A Day in A Life of A Product Manager

Jazel Castillo
4 min readMar 14, 2023

--

(my no-frills schedule!)

Photo by Andrew Neel on Unsplash

This is how I roll on most days.

p.s: I would like to remind my fellow PMs to not skip lunch and merienda. We need food to supercharge!

I wake up around 7/8am. Eat breakfast. Drink coffee.

at 9am, I open my laptop (yes I do shut it down by end of day). Check Slack messages.

I start my day by talking to our developers. We do daily ~15 to 30min tech scrums and its my way to also greet them with “ola! have you eaten breakfast?”

I then have a separate call with our UI/UEx Designer by 10am— we talk about why a “sprint” ticket needs to be even built in the first place and how to make design feasible and should fit a very ‘crunch” dev timeline we have. We also look into the competitors and user data. A lot of critiquing happens here

Photo by Ev on Unsplash

Then I take a quick morning walk/break/ exercise to think through. yes it definitely helps me to let my mind be on pause.

We currently used Linear + Notion to manage tickets. I usually block time to go through each ticket just before lunch — making sure what we’re working is business’ top priorities. Though I admit I sometimes feel overwhelmed — is it really a question of balance: do we optimize or do we build?

I take lunch around 12 and I dedicate 1 hour for it, no explanation. I love to enjoy my food!

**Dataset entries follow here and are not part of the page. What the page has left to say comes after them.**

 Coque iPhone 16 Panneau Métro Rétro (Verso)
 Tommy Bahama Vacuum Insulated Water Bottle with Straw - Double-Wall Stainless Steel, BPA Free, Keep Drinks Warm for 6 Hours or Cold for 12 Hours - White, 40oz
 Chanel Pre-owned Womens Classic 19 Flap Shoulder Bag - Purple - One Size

In the afternoons, my ~2–3 hour schedule can be filled with up to (3) meetings:

Photo by Luke Chesser on Unsplash

Funnel call where we discuss what’s the product status and how we to improve our scaling strategy and product roadmap — why we’re not hitting numbers (real talk and unbiased way to resolve product and business issues with leaders) I’m usually “grilled” on this meeting, but I’m surviving haha. It’s part of the deal.

Photo by UX Indonesia on Unsplash

Customer Success Call that looks into the quantitative + qualitative data status of our users whether they’re on paid or free trial. This is a very important call as my colleagues share VOC (Voice of Customer), Customer Feedback/ Complaints/Wishlist. We drill down what worked and didn’t worked. Specific for Tech, we assess all the customer experiences shared in this call. I’m actually a notetaker here as a I doodle a better approach to solve issues and make users keep on using the product.

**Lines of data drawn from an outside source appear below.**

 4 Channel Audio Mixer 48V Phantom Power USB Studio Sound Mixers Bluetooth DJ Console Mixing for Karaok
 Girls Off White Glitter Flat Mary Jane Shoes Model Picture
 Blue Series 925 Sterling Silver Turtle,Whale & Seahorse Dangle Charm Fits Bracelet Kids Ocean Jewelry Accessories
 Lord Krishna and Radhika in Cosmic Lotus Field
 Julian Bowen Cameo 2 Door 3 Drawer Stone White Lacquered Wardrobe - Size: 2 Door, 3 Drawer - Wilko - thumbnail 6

Photo by charlesdeluvio on Unsplash

Mini-huddles with other BUs (Business Units) are also called pocket call sessions with other teams to discuss work flow, processes and even ask them what they like and don’t like about the product. Again, I’m a note taker here and I just let them do the talking. I listen and provide context + estimated dev timeline. I usually don’t commit yet if we can do it, but I manage their expectations.

I also set 15–30min break around 5PM to do different “non-work” stuff. I walk, get some sun and/or read or drink. For me, it helps when you rest your eyes.

2x a week (*every Mondays / Wednesdays): I dedicate time to clean, fix and crunch data. I admit this take a bit of my time as its a lot of work. Pivot tables and Google Sheet formulas help me get through.

Before the day ends which is around 6PM, I dedicate time to QA + check back with devs — status of the priority tickets.

Photo by Jacqueline Munguía on Unsplash

Its truly a lot of work — but challenge accepted! Hope this rundown of my schedule gives you an idea how PMs thrive and hustle so be kinder to them.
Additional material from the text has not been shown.